Computational Biology Department, School of Computer Science, Carnegie Mellon University, Pittsburgh, PA, USA.
Genome Biol. 2018 Feb 7;19(1):16. doi: 10.1186/s13059-018-1388-2.
Accurate typing of human leukocyte antigen (HLA) is important because HLA genes play important roles in immune responses and disease genesis. Previously available computational methods are database-matching approaches and their outputs are inherently limited by the completeness of already known types, making them unsuitable for discovery of novel alleles. We have developed a graph-guided assembly technique for classical HLA genes, which can construct allele sequences given high-coverage whole-genome sequencing data.

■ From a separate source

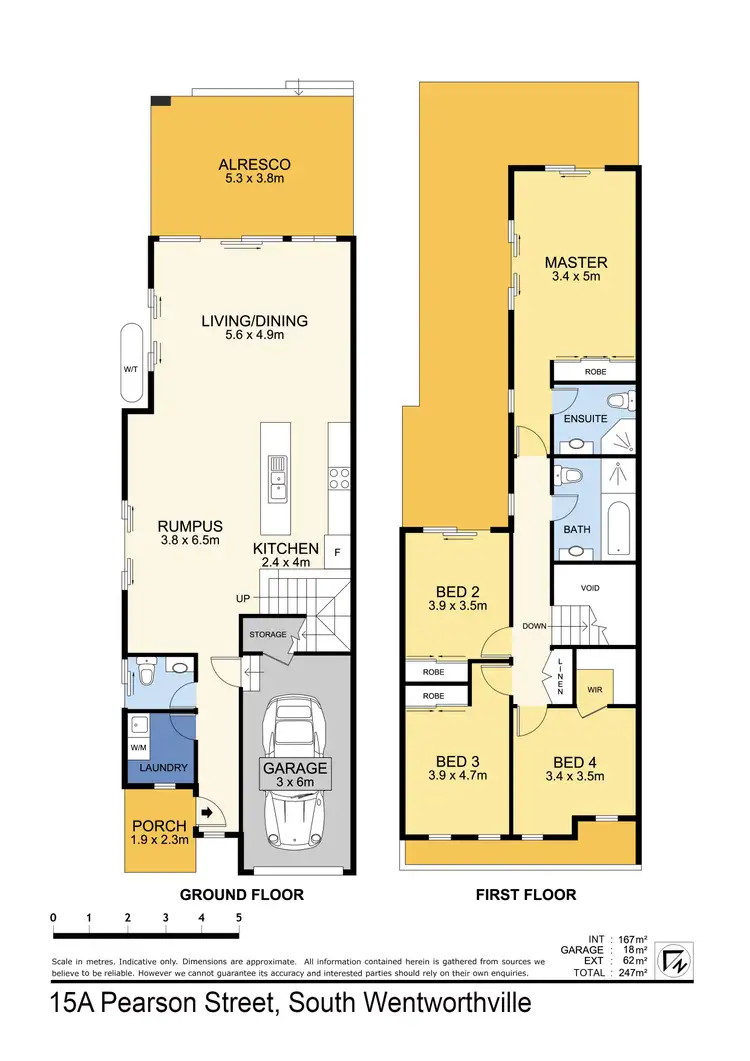 Floorplan of Homely semi-detached listing, 15A Pearson Street, South Wentworthville NSW 2145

Our method delivers highly accurate HLA typing, comparable to the current state-of-the-art methods. Using various data, we also demonstrate that our method can type novel alleles.
准确的人类白细胞抗原(HLA)分型非常重要,因为 HLA 基因在免疫反应和疾病发生中起着重要作用。以前可用的计算方法是数据库匹配方法,其输出本质上受到已知类型完整性的限制,因此不适合发现新的等位基因。我们开发了一种用于经典 HLA 基因的图引导组装技术,该技术可以根据高覆盖率的全基因组测序数据构建等位基因序列。我们的方法提供了高度准确的 HLA 分型,可与当前最先进的方法相媲美。使用各种数据,我们还证明了我们的方法可以对新的等位基因进行分型。